I hope you find it useful and insightful over the next few weeks.

6 Comments

Posted in basketball, infovis, nba, statistics

Change of venue

Posted on July 17, 2008 | 2 comments

Folks, starting today, I’ll be writing a weekly post on Thursdays, over at Hardwood Paroxysm. I’m likely to continue posting here, although frequency might drop a little bit. If you would like to continue subscribing to The Arbitrarian’s RSS feed, but would also like to read my posts at HP, I’ve put together a joint feed in Yahoo! Pipes that will do just that. Thanks for all of your support, readership, and insight–having readers makes blogging fun.

Here’s the feed: Abitrarian Everywhere

2 Comments

Posted in basketball, nba

Estimating team chemistry

Posted on July 14, 2008 | 2 comments

I posted recently to introduce a new method of characterizing basketball playing styles, which I call the SPI Style Trichotomy. The advantage of this methodology is, among other things, that it is an objective, performance-based means of characterizing player type that offers substantially more nuance and accuracy than the traditional position adjectives.

Well, today I’m going to take a step back from this seamless, continuous spectrum perspective, and impose some order in order to investigate the value of each playing style. Since the SPI characterizations themselves are productivity- and value-independent, it may be of interest to see the degree to which employing a player who plays a given style can add to team success. My first step was to identify, for each player-season, which of seven arbitrary playing style categorizations they most closely match. A quick look at the SPI Spectrum Graphic indicates that I’ve already “named” six spokes–each of the pure SPI styles, plus their opposites. For this post (and possibly into the future), I will refer to these six spoke-categories as (counter-clockwise from the 3 o’clock position) Pure Scorer, Perimeter Scorer, Pure Perimeter, Scorer’s Opposite (though catchier, “Defender” is too bold, and inaccurate), Pure Interior, and Interior Scorer. Note that I could have made any number of categories here, and that one of the positives of the SPI System is the lack of such arbitrary distinctions–nevertheless, for the purposes of running a regression, I’ve categorized them. Each player’s SPI numbers were used to identify the spoke to which they are closest, and for a given season, this is the category into which that player is lumped.
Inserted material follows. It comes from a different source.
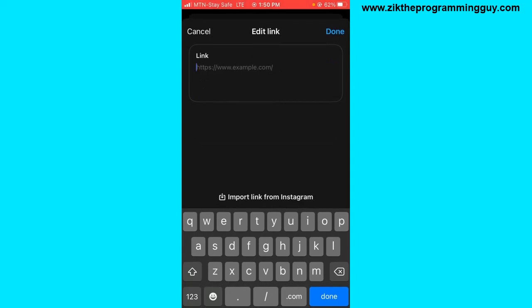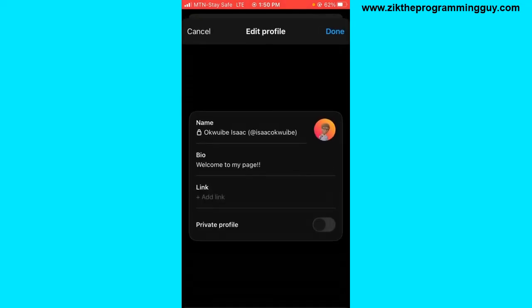Once you're done typing your website address, click Done at the top right corner.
To the six already mentioned above, I added a seventh identifier, “Mixed,” for those players who were closer to the center of the diagram than any of the six style archetypes. To give an idea of the results of the sorting, here is a table presenting the top 50 players for each archetype:

Exemplars of each SPI7 Style

The ranking was derived by summing each player’s BoxScores over seasons during which he was classified under a given archetype–thus, this isn’t a “Best-ever” list, necessarily–just a list of familiar players and their categorization.
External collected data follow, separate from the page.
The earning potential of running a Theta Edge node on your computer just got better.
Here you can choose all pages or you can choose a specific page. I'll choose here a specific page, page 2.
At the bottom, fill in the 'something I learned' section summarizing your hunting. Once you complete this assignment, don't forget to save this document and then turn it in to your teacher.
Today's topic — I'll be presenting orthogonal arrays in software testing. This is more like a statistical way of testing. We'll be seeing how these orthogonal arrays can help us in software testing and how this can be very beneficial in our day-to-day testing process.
Following this categorization process, I calculated, for each team-season, the sum of minutes played by players fitting in to each of the seven categories. Thus, the 07-08 Blazers featured 8,307 minutes of playing time from Interior Scorers–coming mostly from Aldridge, Outlaw and Webster, but with contributions from James Jones and Von Wafer. In fact, the team sums are pretty interesting in and of themselves, so I added that table as a second sheet to the Google Doc linked above: SPI7 Team Sums.

From here, I ran very basic regression analysis. I was hoping to identify the (relative) value of a minute played by each archetype. Thus, I regressed the team minute sums on team win totals (from the 52-53 season, onward, except 1999). This is a very simplistic analysis, but it yielded interesting results (in the variable names, SS is the Pure Scoring, SP is Perimeter Scoring, etc.):

Residuals: Min 1Q Median 3Q Max -31.4014 -8.4507 0.7324 8.6521 33.1204

Coefficients: Estimate Std. Error t value Pr(>|t|) SSmin 0.0013482 0.0002170 6.213 7.2e-10 *** SPmin 0.0016794 0.0001653 10.161 < 2e-16 *** PPmin 0.0024116 0.0001986 12.142 < 2e-16 *** PImin 0.0027014 0.0002147 12.580 < 2e-16 *** IImin 0.0026275 0.0002129 12.344 < 2e-16 *** ISmin 0.0019478 0.0001317 14.785 < 2e-16 *** MMmin 0.0019719 0.0001493 13.204 < 2e-16 *** --- Signif. codes: 0 '***' 0.001 '**' 0.01 '*' 0.05 '.' 0.1 ' ' 1

Residual standard error: 11.92 on 1170 degrees of freedom (3 observations deleted due to missingness) Multiple R-Squared: 0.9217, Adjusted R-squared: 0.9212 F-statistic: 1967 on 7 and 1170 DF, p-value: < 2.2e-16

Each coefficient is significant, and we may gain some insight by comparing the magnitude of these coefficients. The least valuable archetype (in this extremely superficial analysis which should be taken with several hundred salt grains), is the Pure Scorer, who adds 0.0013 wins per additional minute played. The most valuable (surprisingly?) are the Scorer’s Opposite types–Kevin Garnett, Shane Battier, Kirilenko, etc. who add roughly double that number of wins per minute played. The rest you can figure out easily from the regression output. As a biased observer, with my own subjective preferences, I like these results a lot: one-dimensional scorers, adored by causal fans, but disdained by me, are identified as less valuable than the glue guys and lockdown defenders, etc. who focus on things other than scoring (although as Garnett and Barkley show, they can score, too). Keep in mind that this output is somewhat hastily done and only somewhat less hastily thought-through, but the results are certainly interesting.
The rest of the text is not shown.